Exercise description
Your task is to repeat the records exactly from the line containing "Ibanez AE140" onward, through the final line.

Data items
━━━━━━━━━━━━━━━━━━━━━━━━━━━━━━

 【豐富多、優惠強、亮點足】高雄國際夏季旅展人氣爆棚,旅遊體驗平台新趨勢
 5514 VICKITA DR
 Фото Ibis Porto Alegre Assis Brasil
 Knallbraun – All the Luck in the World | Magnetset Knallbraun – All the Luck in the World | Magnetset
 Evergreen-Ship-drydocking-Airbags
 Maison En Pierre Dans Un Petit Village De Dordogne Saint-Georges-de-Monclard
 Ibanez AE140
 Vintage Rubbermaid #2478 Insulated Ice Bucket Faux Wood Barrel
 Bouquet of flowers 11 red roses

━━━━━━━━━━━━━━━━━━━━━━━━━━━━━━

Task response
 Ibanez AE140
 Vintage Rubbermaid #2478 Insulated Ice Bucket Faux Wood Barrel
 Bouquet of flowers 11 red roses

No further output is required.